What you should do |
Once the line containing "Bershka Jeans in Black: front" is found in the data below, repeat it and every later line exactly, leaving the pictures out.

START Supplied information

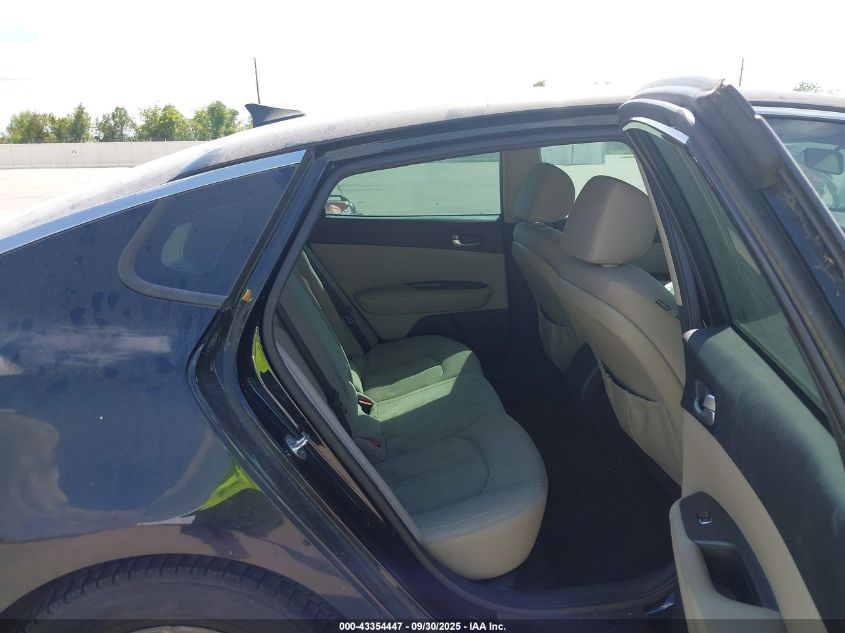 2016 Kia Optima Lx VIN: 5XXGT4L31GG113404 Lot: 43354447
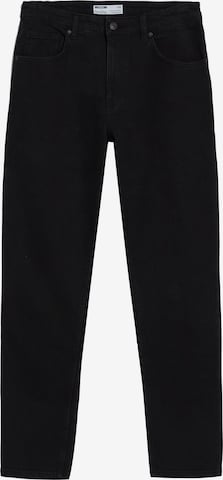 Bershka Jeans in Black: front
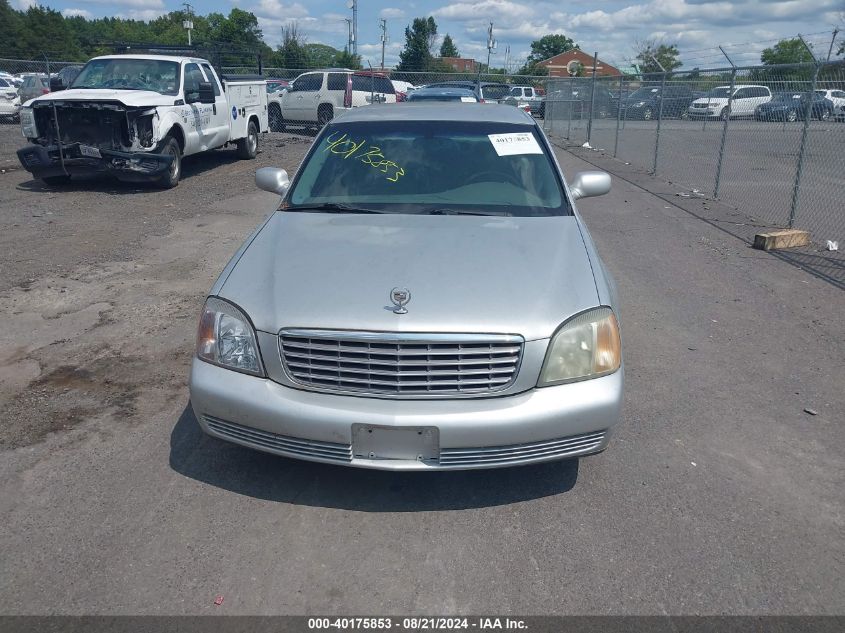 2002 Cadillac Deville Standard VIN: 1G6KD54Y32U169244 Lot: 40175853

END Supplied information

Finished task |
 Bershka Jeans in Black: front
 2002 Cadillac Deville Standard VIN: 1G6KD54Y32U169244 Lot: 40175853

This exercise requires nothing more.